- Exercise -
Write down the listing again exactly as it appears below, without its pictures.

- The data -
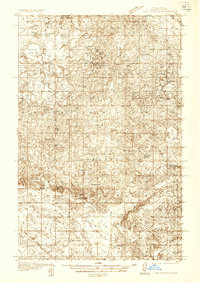 Lake Upsilon 1936 topographic map thumbnail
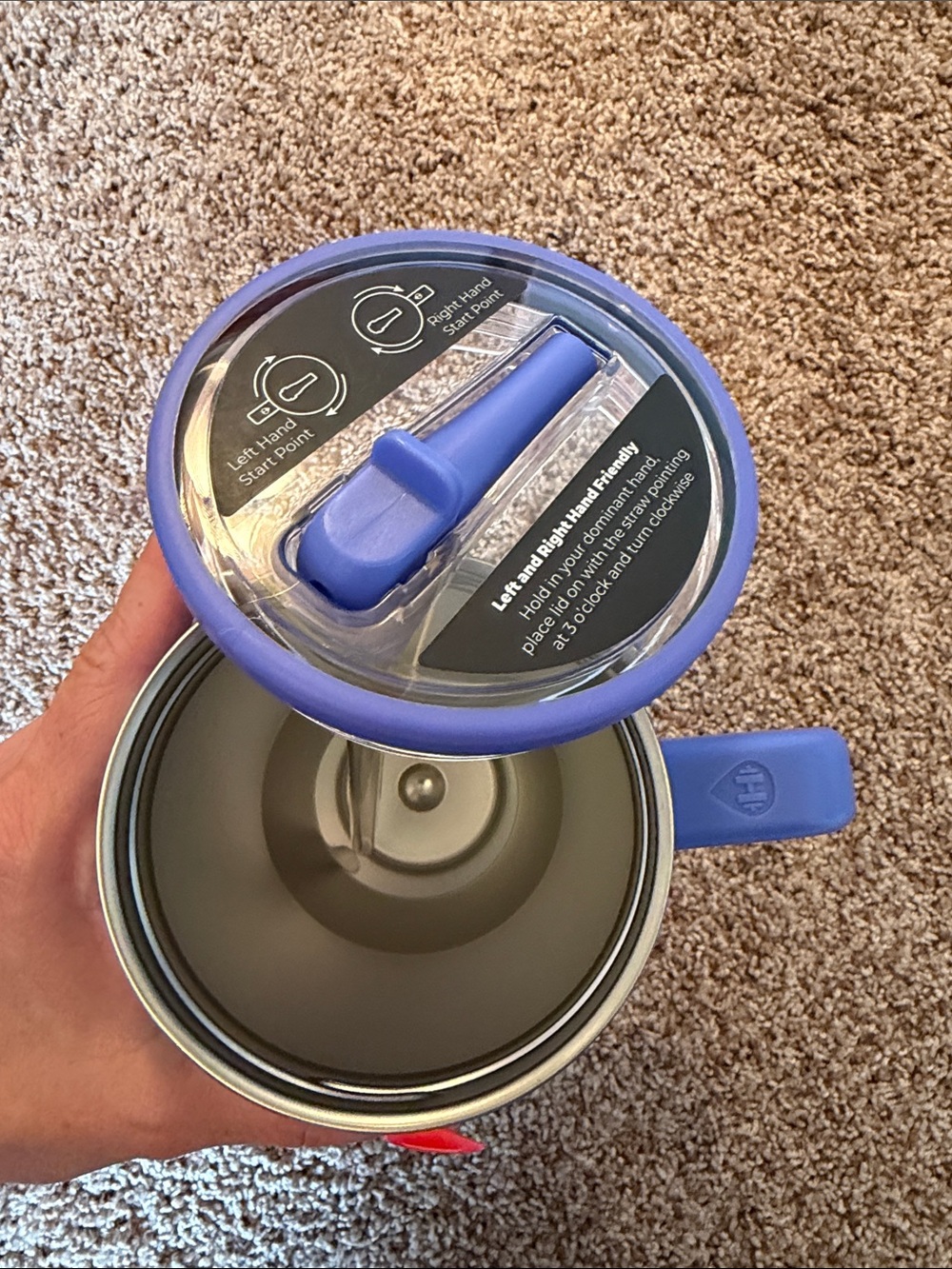 NWT 40oz Hydrojug - Blue - Picture 3 of 3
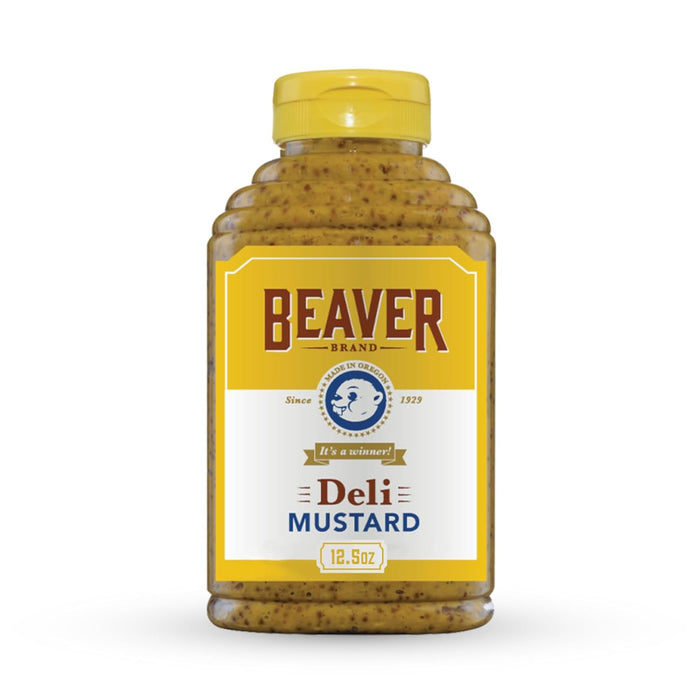 Beaverton Mustard Squeeze Deli X By 12.5 oz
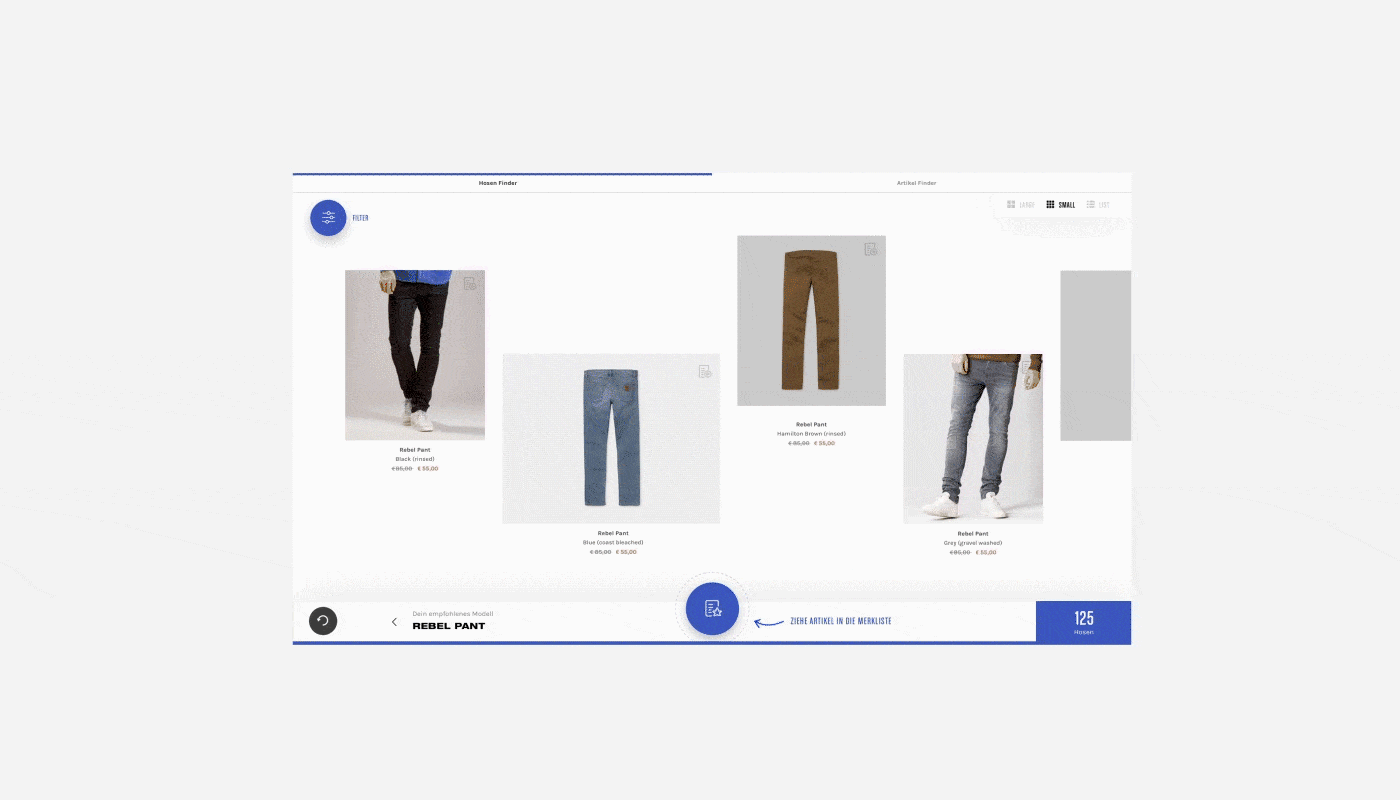 Interaction design  interactive concept future digital experience motion ux/ui prototype shopping experience carhartt wip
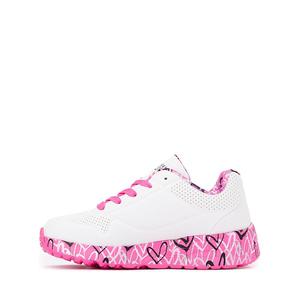 Кроссовки Skechers Street x JGoldcrown: Uno Lite: Lovely Luv Sneaker, цвет White/Hot Pink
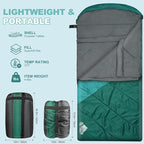 AGEMORE Sleeping Bag for Adults, Single and Double Size, Lightweight Waterproof XXL Sleeping Bag for Adults Kids Couples Camping Hiking Backpacking Or Traveling, Warm & Cold Weather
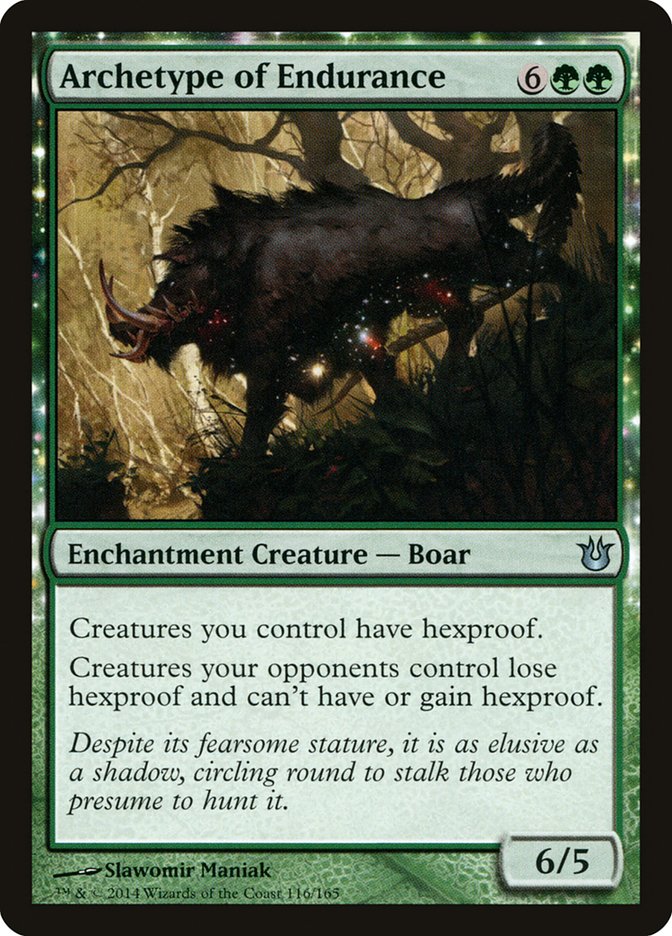 Archetype of Endurance bng 116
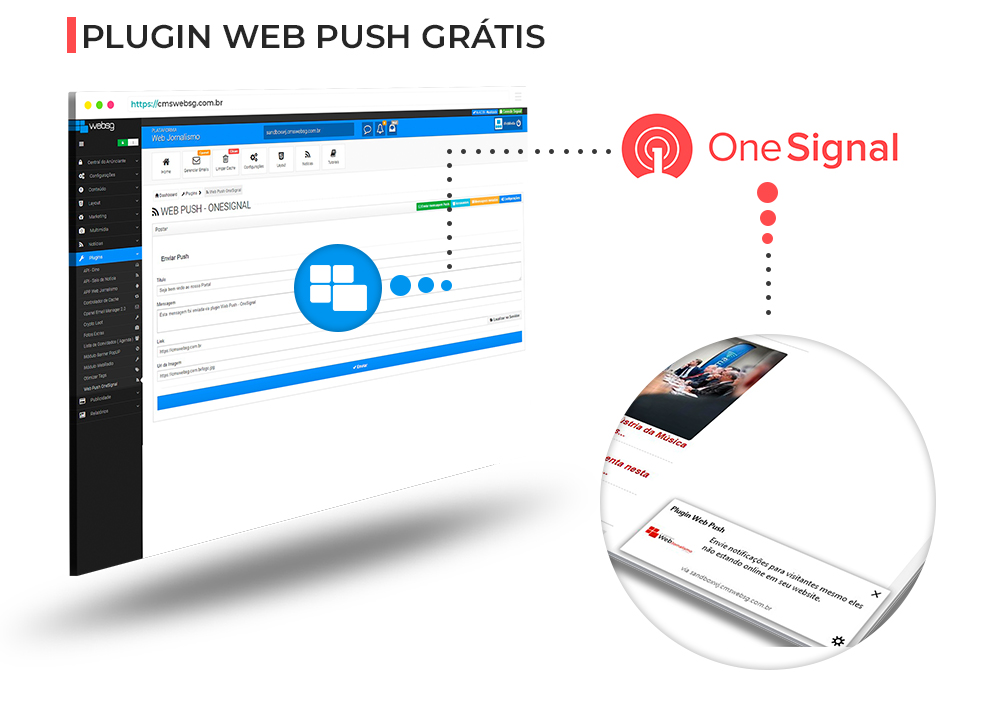 Portal de Notícias Administrável - Web Push OneSignal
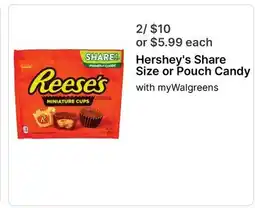 Walgreens Hershey's Share Size or Pouch Candy offer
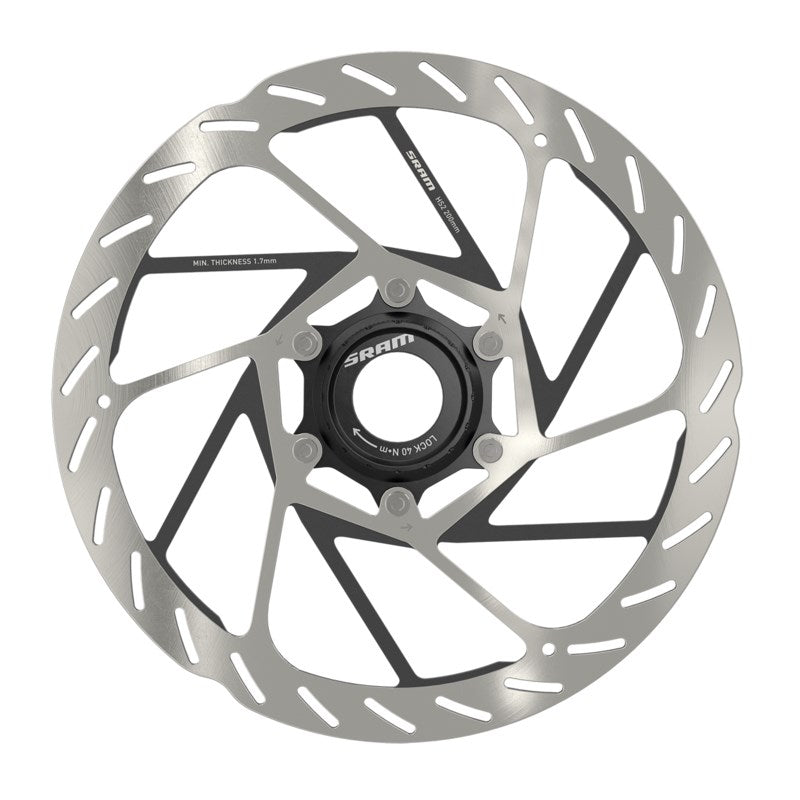 SRAM Rotor HS2 200mm Center Lock Rounded (includes external tooled lockring)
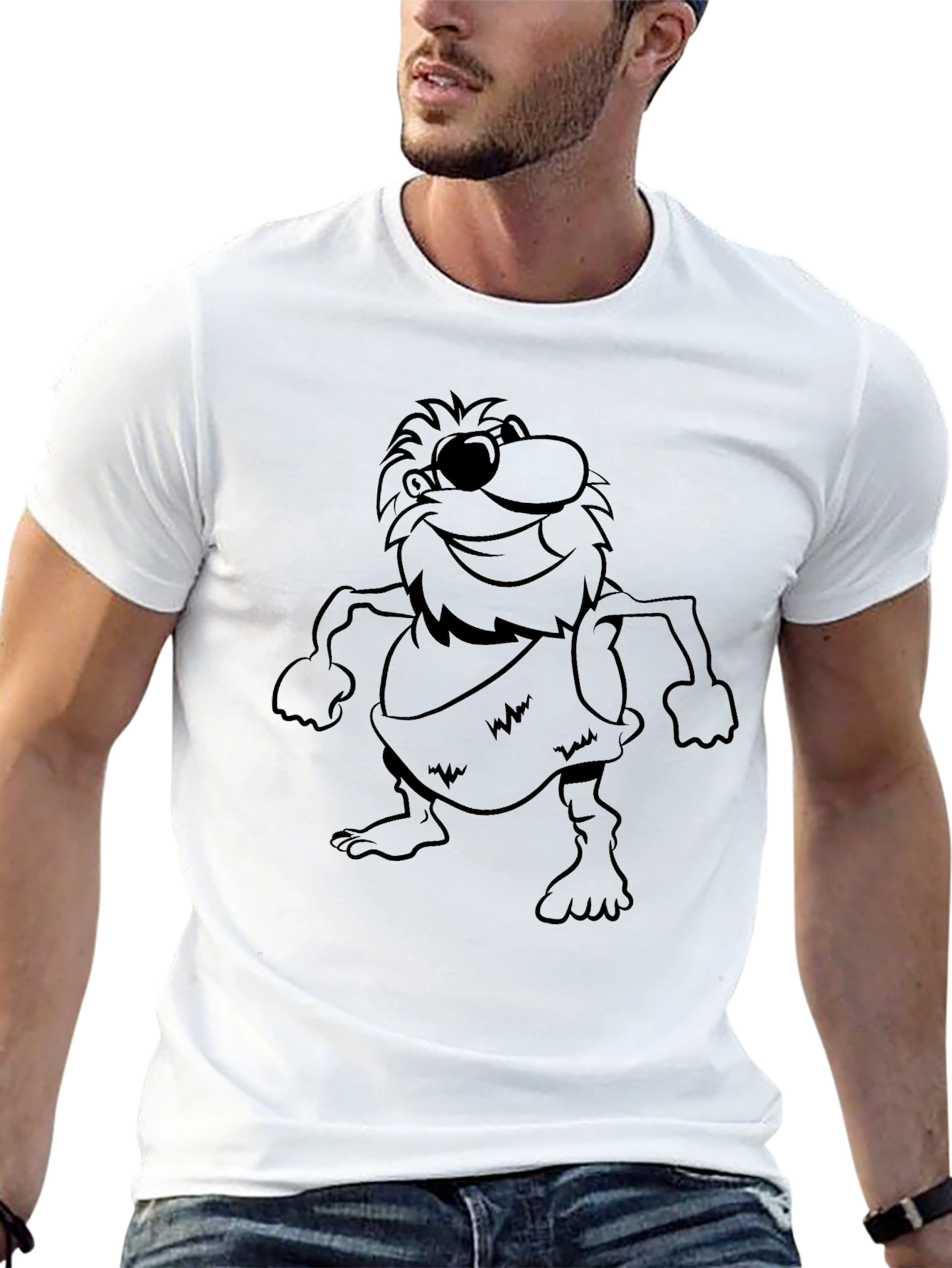 Cartoon Caveman Graphic Tee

- Result for this task -
 Lake Upsilon 1936 topographic map thumbnail
 NWT 40oz Hydrojug - Blue - Picture 3 of 3
 Beaverton Mustard Squeeze Deli X By 12.5 oz
 Interaction design  interactive concept future digital experience motion ux/ui prototype shopping experience carhartt wip
 Кроссовки Skechers Street x JGoldcrown: Uno Lite: Lovely Luv Sneaker, цвет White/Hot Pink
 AGEMORE Sleeping Bag for Adults, Single and Double Size, Lightweight Waterproof XXL Sleeping Bag for Adults Kids Couples Camping Hiking Backpacking Or Traveling, Warm & Cold Weather
 Archetype of Endurance bng 116
 Portal de Notícias Administrável - Web Push OneSignal
 Walgreens Hershey's Share Size or Pouch Candy offer
 SRAM Rotor HS2 200mm Center Lock Rounded (includes external tooled lockring)
 Cartoon Caveman Graphic Tee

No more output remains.